Vom Nazi zum Papi

Vaterschaft und Ehe machen einen Neonazi zum guten Menschen. Eine Kritik des Kinofilms „Skin“. Von unserer Gastprinzessin Katrin Hildebrand

„Ich möchte in dir sein.“ Ganz ehrlich. Bekäme ich, als Aushilfsprinzessin aus dem einst sehr rotlichtigen Münchner Hofbräuviertel, jemals ein so formuliertes Angebot, ich würde dem Bittsteller absagen. Oder vielmehr: Die betreffende Person müsste so schön und edel sein wie der Heilige Sebastian (wobei der Heilige Sebastian niemals eine solch unterirdische offre machte), um nach einem solchen Fauxpas nicht mit mit der Mistgabel vom Hof gestochert zu werden – da „ist“ (oder vielmehr steckt) dann eben auch ganz schnell mal was „drin“ im Manne.

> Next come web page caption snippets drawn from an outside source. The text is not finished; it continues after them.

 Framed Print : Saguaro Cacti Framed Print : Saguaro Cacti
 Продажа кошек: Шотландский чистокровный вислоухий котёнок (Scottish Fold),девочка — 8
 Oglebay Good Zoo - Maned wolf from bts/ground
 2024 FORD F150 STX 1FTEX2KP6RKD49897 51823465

Sex, Erotik sollte leidenschaftlich sein und wild, aber doch kein schmierlappiges, hingeschwulstetes, regrediertes Gestammel von „drin“ und „draus“, oder burschikos formuliert: vom Wunsch nach „in der Frau Abspritzen“ nach Familienart.

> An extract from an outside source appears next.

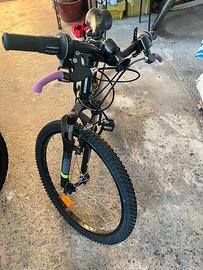 bicicletta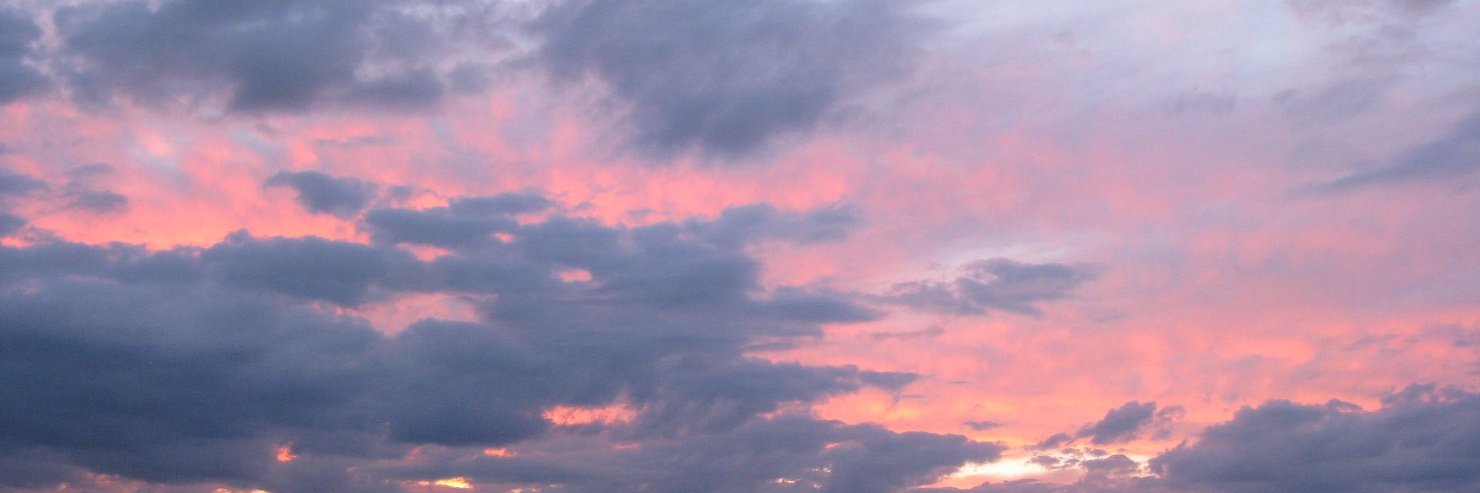 apple101171's profile banner image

Um Familienart, selbstverständlich, geht es im Film „Skin“. „Ich möchte in dir sein“ ist der hündische Liebesbeweis der Hauptfigur, eines zu diesem Zeitpunkt von seinen Missetaten beinahe geläuterten Neonazis. Dieser Liebesbeweis – meine weniger noblen Gefährten würden es eher als Fickabsichtserklärung bezeichnen – dient im fast zweistündigen Opus auch als Bild der Besserung: Der nicht mehr ganz so böse Protagonist will nun nicht mehr totschlagen und hetzen, sondern stattdessen sein Sperma in der Frau abladen. Dank dieser neuen, ambitionierten Aufgabe wird er fortan die Finger vom Migrantenjagen lassen. Stattdessen kehrt er heim in der Übermutter Schoß. Denn die Liebe, die Ehe, die Zweierbeziehung, die Reproduktion und der legitimierte Anspruch auf die Genitalien und Gonaden des anderen, heilt als Himmelsmacht eben alle Wunden und ideologischen Verirrungen.

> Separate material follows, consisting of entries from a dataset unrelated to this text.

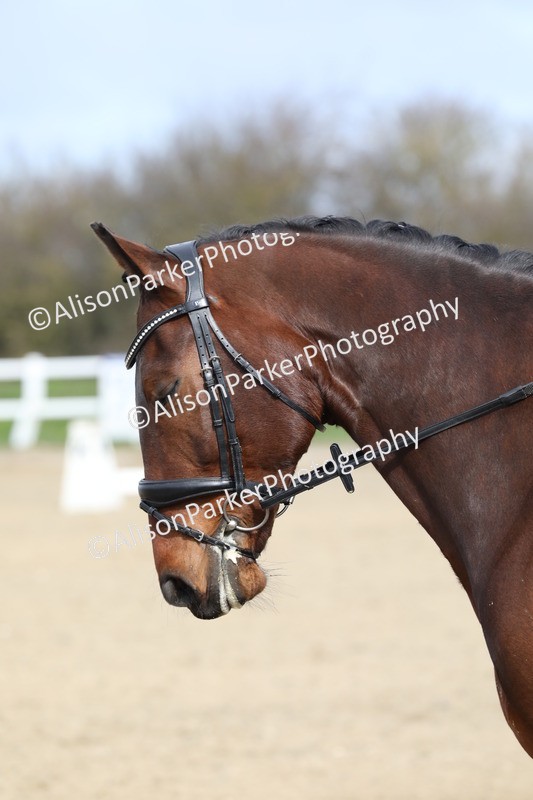 20260314-1883 - CT2 - Prelim 1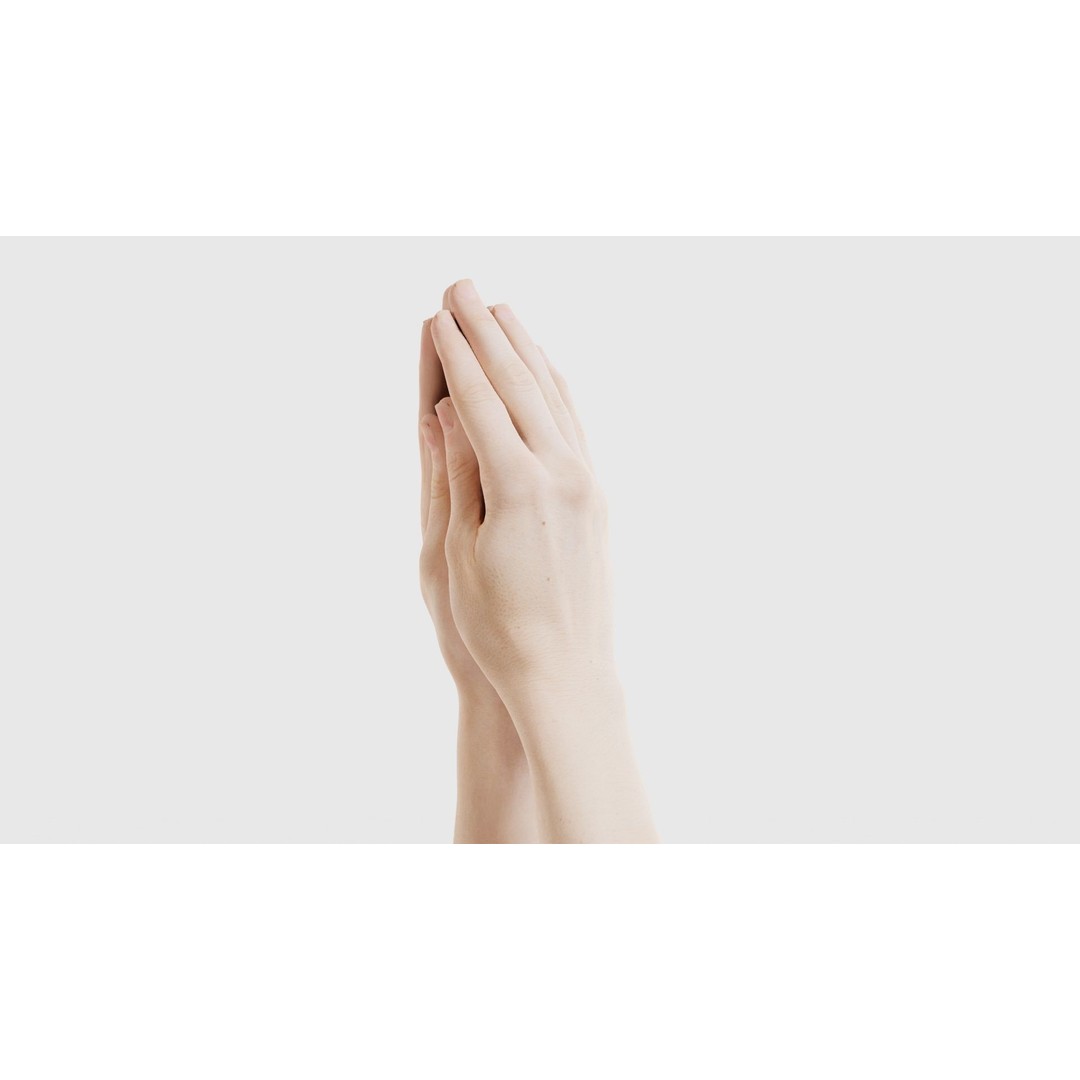 Duo Hands 005 3D Model – Low Poly Character with PBR Textures, FBX - View 25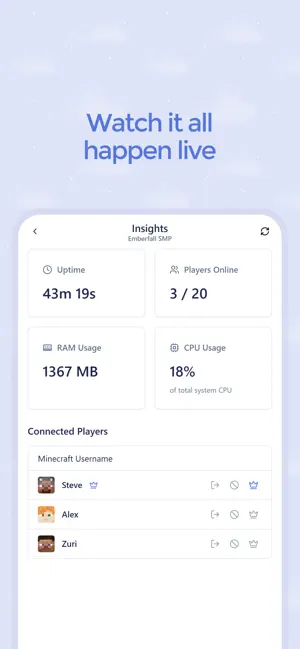 Homerun Go: Server Hosting screenshot 4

Ginge es nur um die Technik, ich würde kein schlechtes Wort über „Skin“ verlieren. Die Bilder, die Schauspieler – gäbe es einen Schneider hier in der Stadt, der so viel von seinem Handwerk verstünde wie diese eifrigen Werkler, könnte ich wie ein stolzer Schwan zum nächsten Residenzball gehen. Doch leider haben es Filme mitunter an sich, dass sie eine Geschichte erzählen sollen. Und daran sind schon die Besten gescheitert. Guy Nattiv, der Regisseur, hat sich eine wahre Geschichte ausgesucht. Er berichtet von Bryon Widner, einem amerikanischen Neonazi, der nach 16 Jahren Neonazidasein offensichtliche keine Lust mehr hatte. Diese plötzliche Unlust auf Hass, Morden und Niedertracht resultierte Widner zufolge aus seiner neuen Liebe und der Tatsache, dass er – weil er seinen Herzenswunsch, „in“ der Frau zu „sein“ verwirklichen konnte – Papi wurde. Das ist wundervoll für Widner, schön auch für die Menschen, die er zuvor bedroht und rassistisch beleidigt hatte (und auch für die, die er in der Zukunft fertiggemacht hätte), denn das tat er offensichtlich hinterher nicht mehr.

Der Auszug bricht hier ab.